One question I still have about water: Instead of a well; is hauling water a possibility and at what cost. I have read that hauling your own water is about 1 - 2 cents per gallon where delivery of water is about 6 cents per gallon. So, do people in the Casper area haul water?

Thanks,

JC
Hey JC,
I use to live in Casper and I also hauled water. There use to be 2 water stations in Casper, one over by Fort Casper and a new one they put in at the bottom of Cole Creek RD in Evansville just before I moved. It has been about 6 years since I hauled water so the prices might be different by now, but it was 50 cents for 50 gal. Many people haul water around Casper. Most of the water up in B.B Brooks Ranch is not potable. Very Alkiline. If you drill a well you most likely will need a RO system.

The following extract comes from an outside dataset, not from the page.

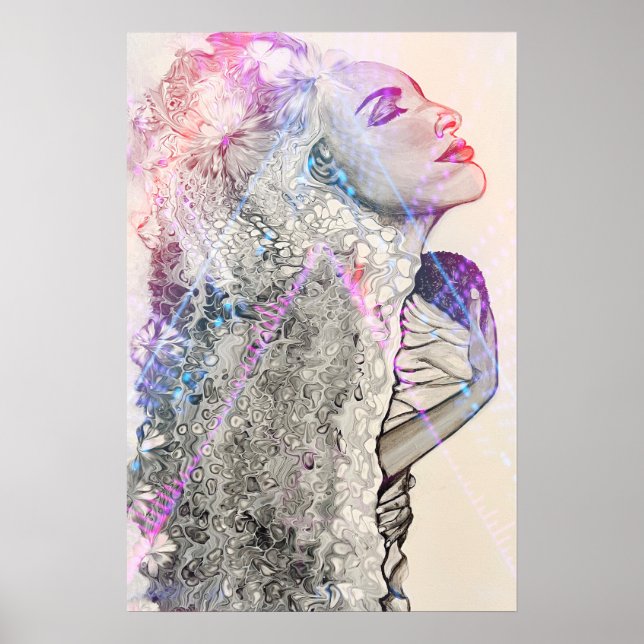 Neon Woman och Child Print Poster (Framsidan)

Living "off the grid" won't be your biggest problem. You will go thru propane more than water with the water heater and refrigerator, and forget the dryer (use wind to dry your clothes even in the winter they will freeze-dry fast). Also you will have to bury your water tank at least 5 feet and 6 feet is better otherwise it will freeze.

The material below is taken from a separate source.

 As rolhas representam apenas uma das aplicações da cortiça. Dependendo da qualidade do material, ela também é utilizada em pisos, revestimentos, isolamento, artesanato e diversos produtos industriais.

If you plan on trying to grow anything (as in a garden) you will need ALOT OF WATER! Trust me on this. I know the land up there in B.B. it is very dry and sucks up the water like crazy! You can water til it puddles and 5 minutes later it looks like you haven't watered at all.

I am not trying to discourage you at all, just warn you. If I could sell my house I would already be back there. It does take a special kind of person to live in WYO.

What phase are you looking at I, II, III or VI?